Qemik was fuming. He'd invested a lot in the idea that his rival was a traitor, and it was plain he was trying to think up some way that it might still be true, that this could be some complicated ruse. Before he could think of one, Yîgeke asked, "Why even bother?"
This took Kargöz back a moment. He started to answer, stopped, started again. Finally, he said, his eyes on her, "Because I couldn't abandon you."
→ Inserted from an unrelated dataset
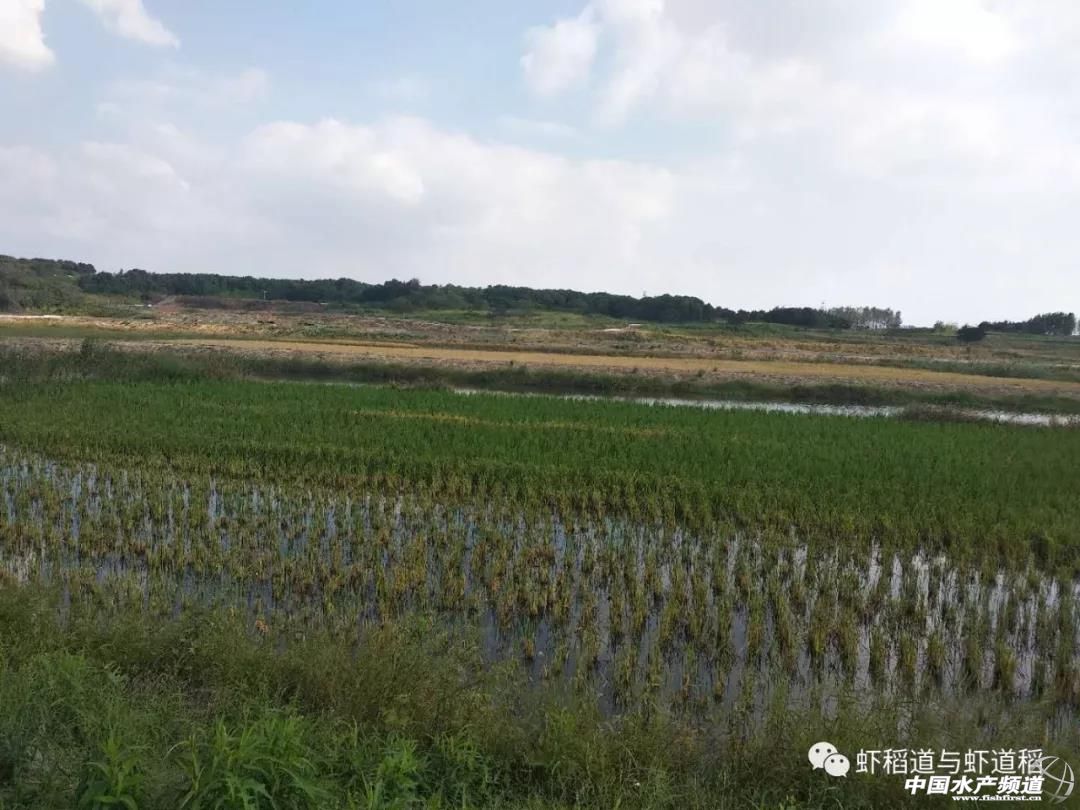 10月底虾塘育苗塘上水后的管理,10月份小龙虾田怎样管理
"Because I'm the First Hand?" she asked.
"No. I mean, maybe. I'm not even sure if I believe that. I'm not sure what to believe. But isn't it enough that it be because of who you are, and how I feel about you?" He added as an afterthought, "And about all of you. You're all my friends."
Qemik snorted. "How you feel about her? You weren't there. When they were beating us down, I was beside her. I was taking blows meant for her. And you were off somewhere hiding like a coward. You only changed your mind later because you thought you could win her back without even getting a bruise."
"Just because I didn't stand there getting pummeled doesn't mean I don't care," Kargöz spat. "What she needed was someone with their wits about them, someone who could help her when she needed help. What good did you do her, stuck in here with no chance of freeing her?"
"You mean, the same place you are?"
"At least I had a chance to get her free. You never did. You'd rather get beaten up and look like you're defending her, than actually defend her. Well, if that's what matters, I stood up to her attackers a fortnight ago, when you were nowhere to be seen, so I suppose we're even on that count."
"That is, if you weren't the one who brought them to her," Qemik exclaimed. "You—"
"Stop!" Yîgeke's voice grated like sand across stone, and her eyes flashed like a storm brewing. "Both of you. It doesn't matter. We're all going to be dead before the sun sets. I don't want to spend my last day under the sun with the two of you trying to put me in between you. Now be quiet. I don't want to hear another word." Qemik and Kargöz both almost started to talk, but her eyes narrowed and they both bit back their words and averted their gaze.
There was nothing to keep them company the rest of the way to the palace other than the creaking of the wain, the aching of their bones, and the bitterness of their private thoughts.